What’s remarkable about the power of “Secrets & Lies”–and of Leigh’s work in general–is that his unconventional method of making movies would seem an invitation to disaster. For 25 years Leigh has been devising movies, television films and plays (more than 20 of them) that begin with no script at all-just a feeling, an atmosphere, a situation in Leigh’s head. The scenes and dialogue are worked out in close collaboration with his actors in months of rehearsals and improvisations. First Leigh works individually with each principal actor, creating a character’s entire personal history but withholding from him any knowledge of the big picture into which he must fit, so that when he is first thrust into rehearsal with another actor, the interaction is as spontaneous as it would be in real life. “You just act and react as that person would,” explains Blethyn. “One’s only duty is to be honest to this person you’re creating and not try to be clever. If you did try to think of something that wasn’t organic, he’d be onto it in a nanosecond.”

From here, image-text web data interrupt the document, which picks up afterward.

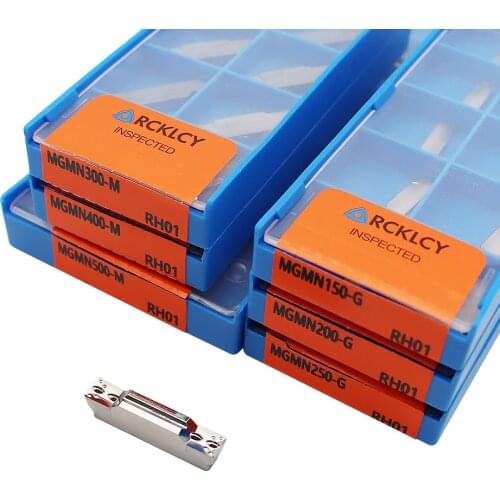 MGMN150 MGMN200 MGMN 250 MGMN300 4mm 5mm RH01 Insert 100% Original Carbide Inserts Grooving Aluminum Blade CNC Lathe Cutter Tool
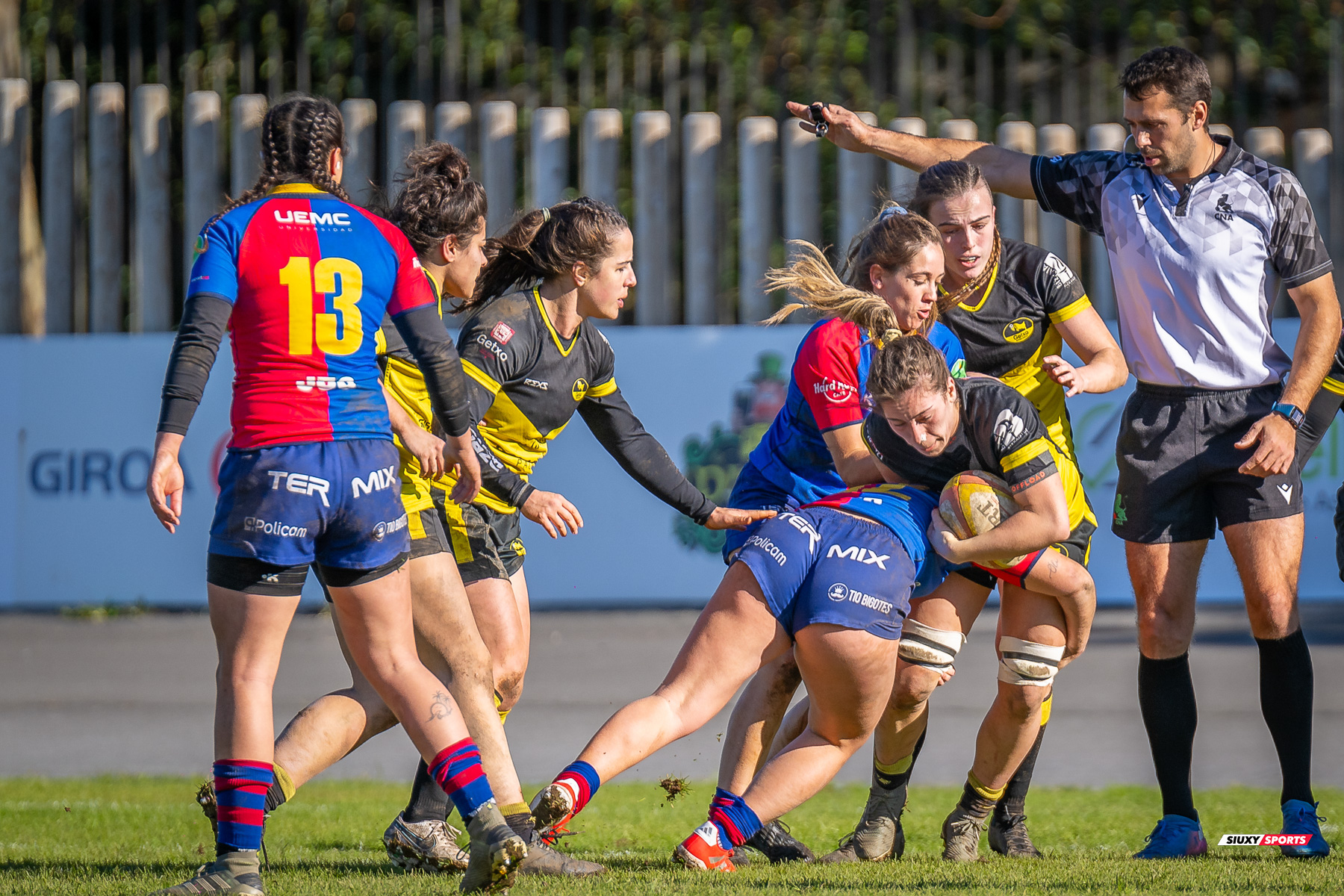  Getxo Artea Rugby Taldea - Futbol Club Barcelona Rugby - Rugby - FER 2025 - LIGA IBERDROLA - GETXO NESKAK (33) vs (12) AVFCBR FEM (#FER25LIGNBR01) Photo by: Fredy Monfoto | Siuxy Sports 2025-01-19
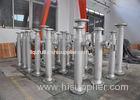 SS 304 Stainless Steel Pipeline Liquid Mixing Static Inline Mixer For Mediun Viscosity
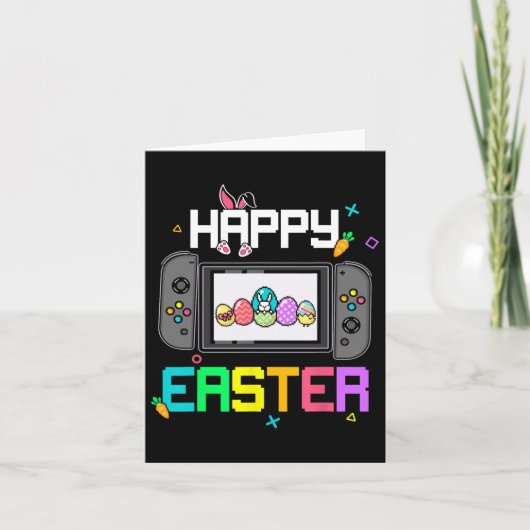 Ostergeblasene Ei Jagd Gamer Kinder Jungen Männer  Karte (Vorderseite)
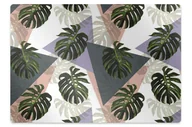 Podnóżki, podpórki, podkładki - Mata pod fotel biurowy Monstera wzór 140x100 cm - miniaturka - grafika 1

Game playing: Born in Lancashire in 1943, the son of a Jewish doctor (he changed his name from Liebermann}, Leigh has always maintained an outsider’s edge within the English film community. His “organic” methods, arising from his theatrical experiments in the 1960s, made it hard for him to get movie financing. For 14 years all his work was done for television. “It was bitterly frustrating,” says the bearded Leigh, an affable man with a short temper and mournful eyes. “I was told it 20 times: ‘Forget it, you’ll never make a feature film. You’ll never make a film that will work in the States’.” But he won’t think of working any other way. “I don’t read scripts.” And as he has said, he would rather poke steel pins into his eyes than work in Hollywood.

But even Leigh acknowledges that his method can be exhausting. “To be honest, mostly it’s one hell of a damn nuisance.” In the five-month rehearsal process that preceded filming of" Secrets & Lies," Leigh was the only one who knew all the characters! secrets. “This involves all kinds of devices and stratagems,” he explains. “I shot three quarters of the damn movie with the crew under strict instructions not to reveal anything to the actors. It does involve the most elaborate game playing, which a grown-up person can do without.” But when the cameras are rolling, each scene has been set. There’s no improvisation when shooting. The actors never know the whole story until the movie is completed. What emerges in the finished film is remarkably honed and structured: you don’t feel the meandering, actory self-indulgence that often mars American “improvisational” cinema.

Many who saw “Secrets & Lies” in Cannes thought that its uplifting spirit seemed a radical departure from the abrasive Leigh movies of the past. But tenderness has always been part of his range: the intimacy between the working-class couple in “High Hopes” is one of the most convincing portrayals of connubial love on screen. The same razor eyes that captured the scary, woman-abusing Johnny in “Naked” focus here on an optometrist, a photographer and a mother rescued from the blindness of her misery. It’s all in the eyes, and Leigh has great ones.